• **TASK INSTRUCTIONS**
Transcribe exactly the entries from the "Miniaturebillede 1: udendørs." line to the end, both included, minus pictures.

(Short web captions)

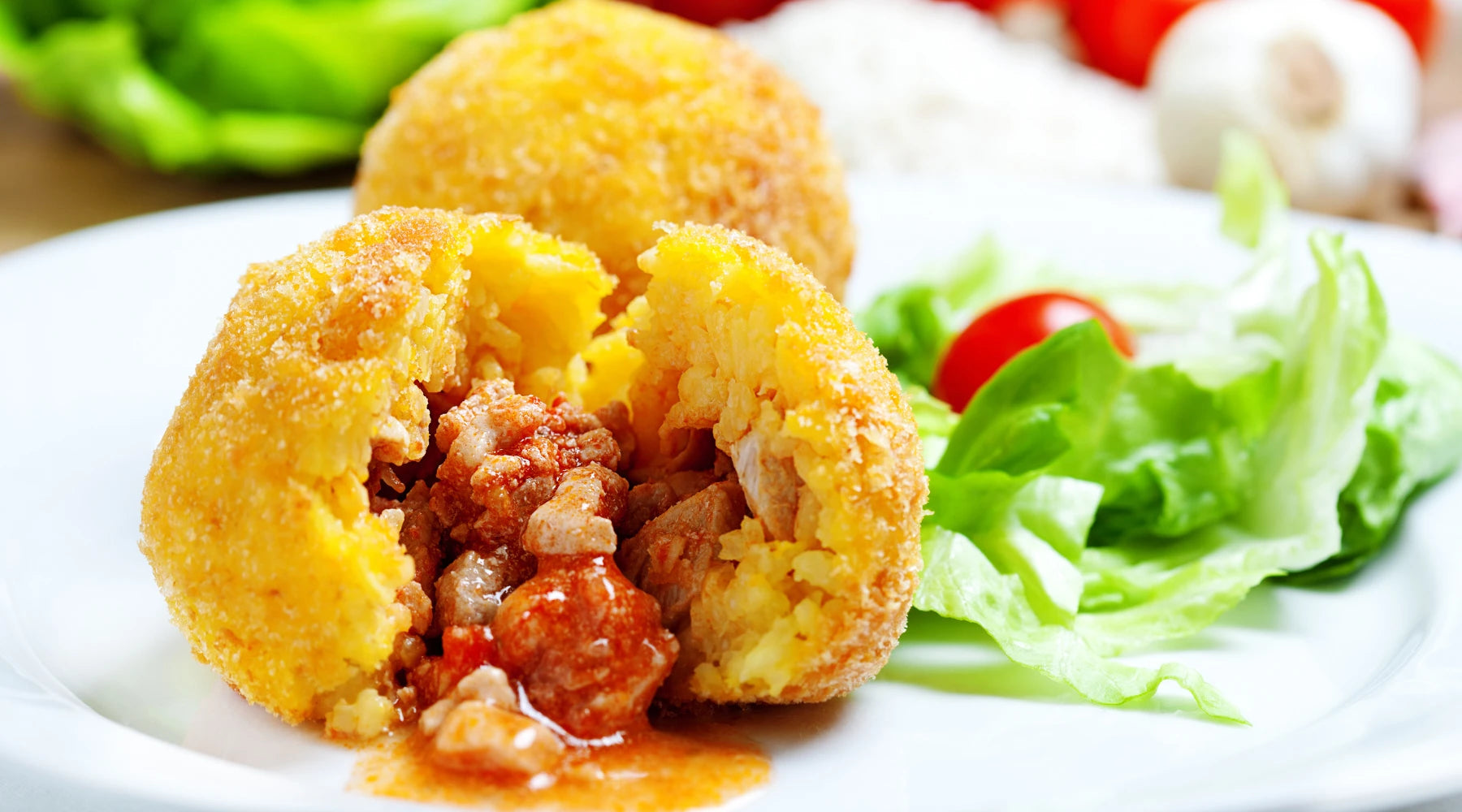 ARANCINI DE RIZ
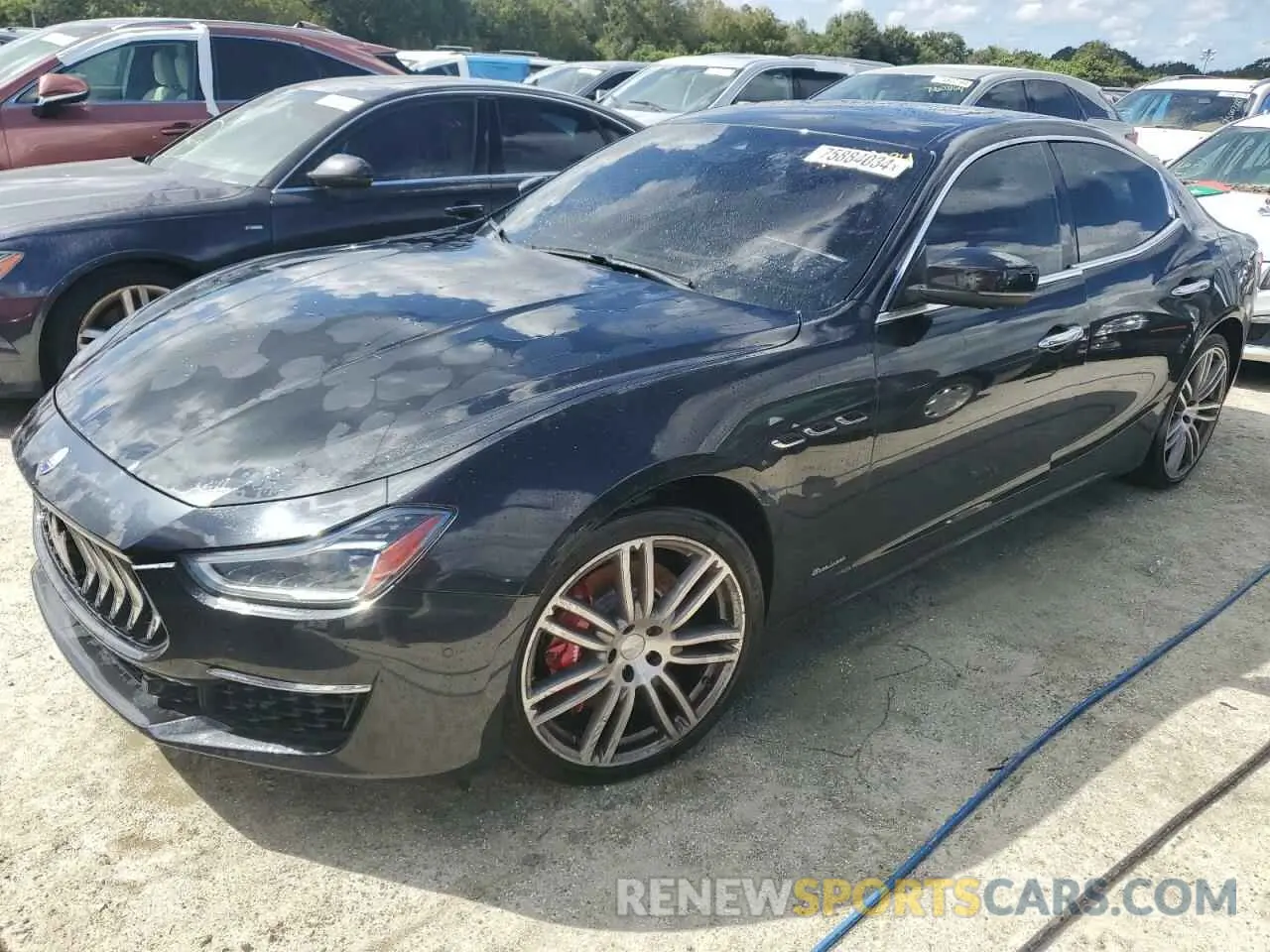 1 Photograph of a damaged car ZAM57YSL1K1323649 MASERATI ALL MODELS 2019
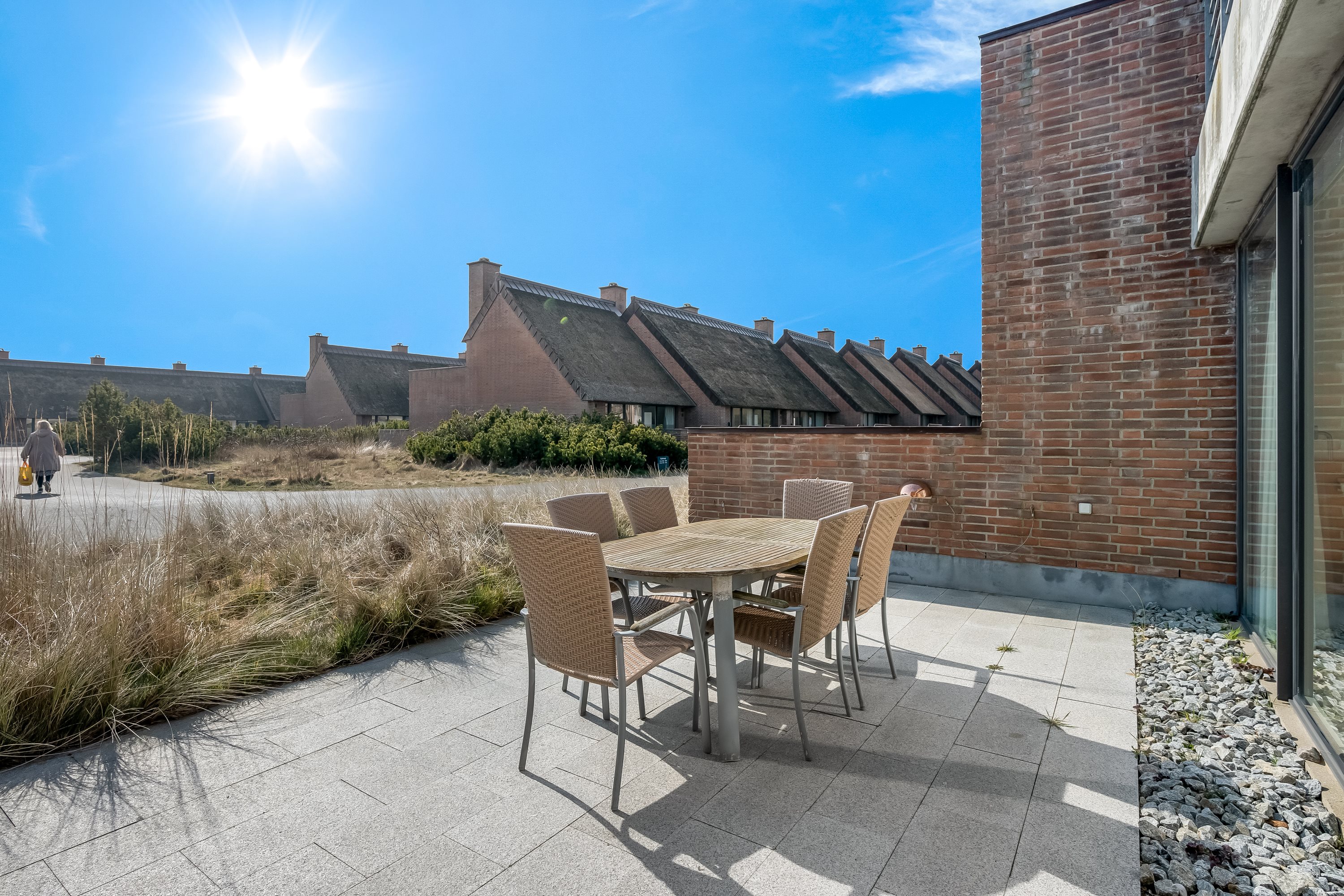 Miniaturebillede 1: udendørs. Billede af Klitrosevej 18, Havneby, 6792 Rømø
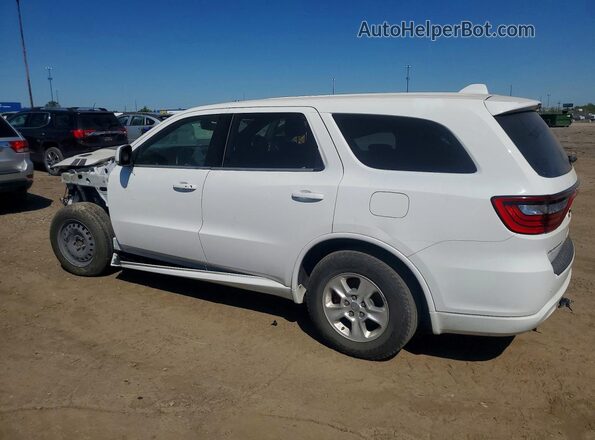 1C4SDHCT5LC260107 2020 DODGE DURANGO Белый Задняя левая четверть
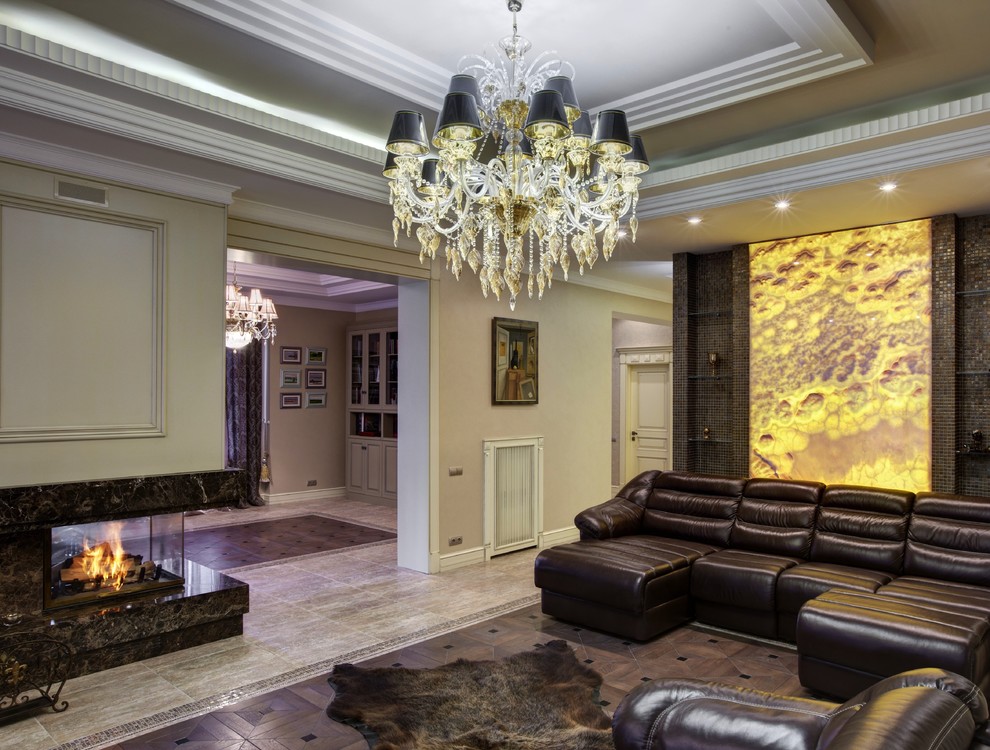 Особняк в п.Расторгуево. Интерьер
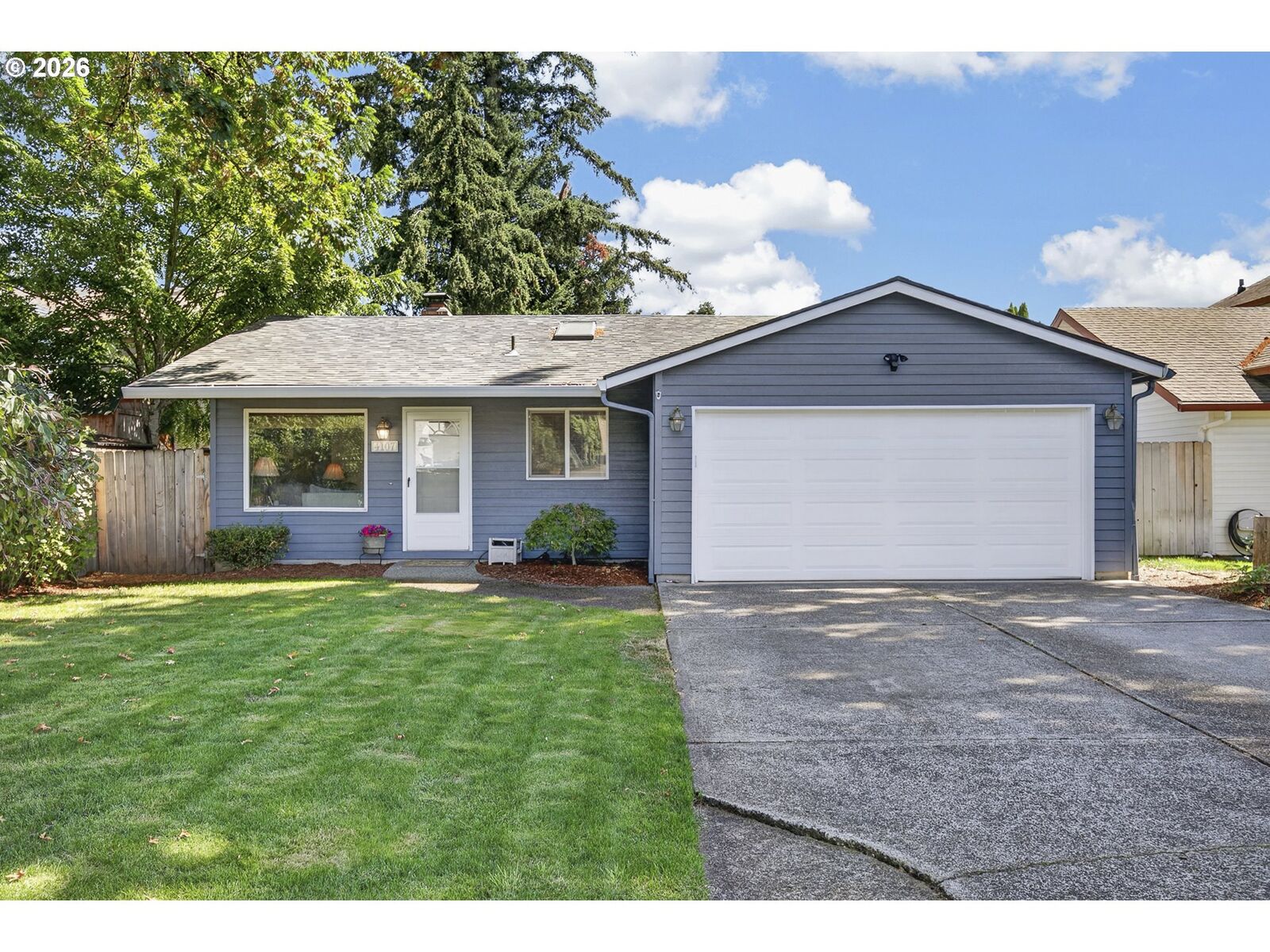 Property Photo: 4107 NE 136th Ave WA 98682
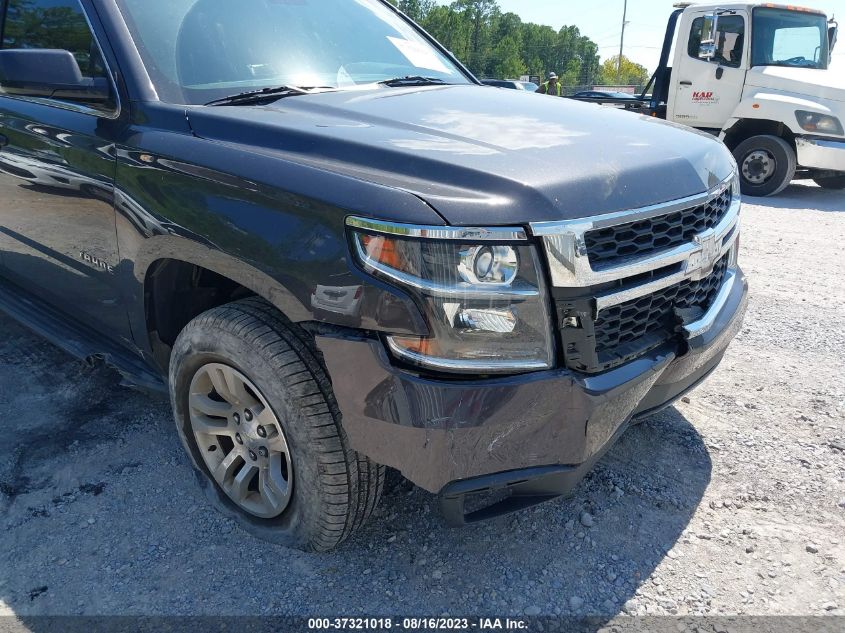 2016 CHEVROLET TAHOE C1500  LS - 1GNSCAKCXGR375291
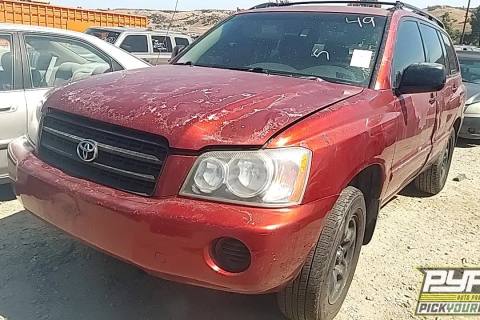 Photo of 2002 Toyota Highlander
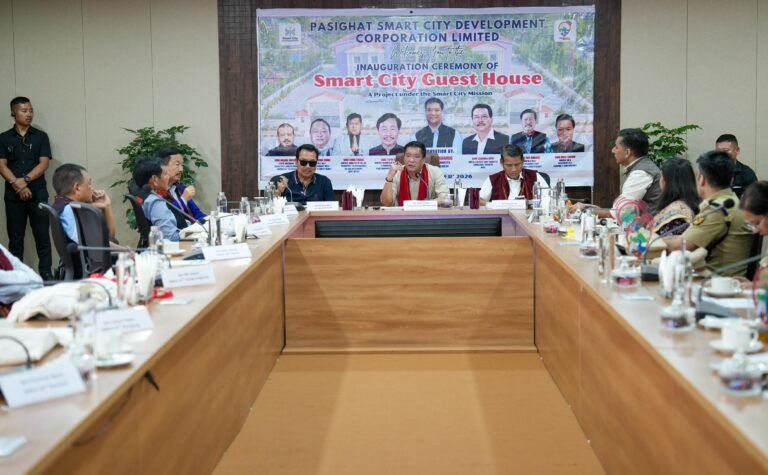 Khandu reiterates PFR, consultations before SUMP decision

• **SOLUTION FOR THIS PROBLEM**
 Miniaturebillede 1: udendørs. Billede af Klitrosevej 18, Havneby, 6792 Rømø
 1C4SDHCT5LC260107 2020 DODGE DURANGO Белый Задняя левая четверть
 Особняк в п.Расторгуево. Интерьер
 Property Photo: 4107 NE 136th Ave WA 98682
 2016 CHEVROLET TAHOE C1500  LS - 1GNSCAKCXGR375291
 Photo of 2002 Toyota Highlander
 Khandu reiterates PFR, consultations before SUMP decision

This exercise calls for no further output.